Он выглядел щеголем, одевался с иголочки, был опрятен и всегда в форме. Его шляпа, его котелок, которым он гордился, висел безукоризненно чистый на крюке вешалки. Теперь он каждый день надевал белую рубаху со стоячим воротничком, широкий, идеально завязанный и аккуратно заправленный под жилетку галстук, а кончики его тонких каштановых усов были обязательно нафабрены.
Его первым большим успехом было чертово колесо в половину размера того, что привлекло его внимание в Чикаго, и он дерзко провозгласил свое — еще не достроенное — самым большим в мире. Он украсил его ослепительными гирляндами из сотен недавно изобретенных мистером Эдисоном лампочек накаливания, и зачарованные посетители были вне себя от восторга.
«Я в жизни не обманул ни одной души, — любил заявлять он, — и не отпустил ни одного простофилю, не обобрав его».
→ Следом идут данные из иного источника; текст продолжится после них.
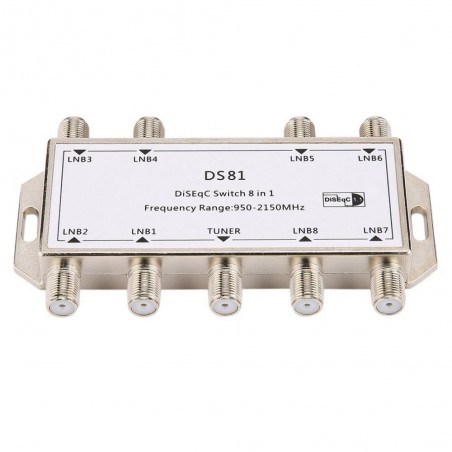8 en 1 - signal satellite - commutateur DiSEqC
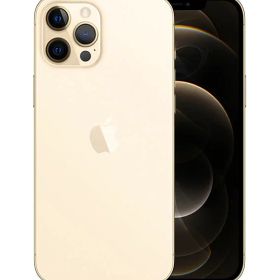 【中古】【安心保証】 iPhone12 Pro Max[128GB] SIMフリー ゴールド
Ему нравились аттракционы, в которых посетители возвращались в ту точку, откуда начинали. Ему казалось, что в природе все — от самого малого до самого грандиозного — движется по кругу и возвращается в свою исходную точку, может быть, для того, чтобы начать все снова. Он находил, что люди смешнее стаи обезьян, и любил разыгрывать их с учетом людских особенностей, ставя в безобидно-неловкие ситуации, которые всем доставляли удовольствие и за которые все готовы были платить: шляпа, сорванная потоком воздуха, или юбка, вздувшаяся вдруг на плечи, двигающиеся полы и складывающиеся лестницы, перепачканная помадой парочка, вернувшаяся на свет из темного туннеля любви и недоумевающая — почему это все, увидев их, трясутся от смеха, и недоумение их длится до тех пор, пока какой-нибудь любитель непристойных шуток не огласит принародно причину всеобщего веселья.
И он по-прежнему владел своим домом. Мистер Тилью жил когда-то на Серф-авеню напротив своего парка аттракционов «Стиплчез»; у него был просторный деревянный дом с ведущей к нему узкой дорожкой и невысокими каменными ступеньками; казалось, что все это после его смерти начало уходить в землю. На вертикальной части нижней ступеньки камнерез высек его фамилию — ТИЛЬЮ. Обитатели квартала, направлявшиеся в кинотеатр или на станцию подземки, первыми по положению букв в фамилии сделали вывод о том, что ступеньки, кажется, оседают. К тому времени, когда дом исчез, никто уже не обращал внимания на еще один свободный участок в трущобном районе, пережившем свой расцвет.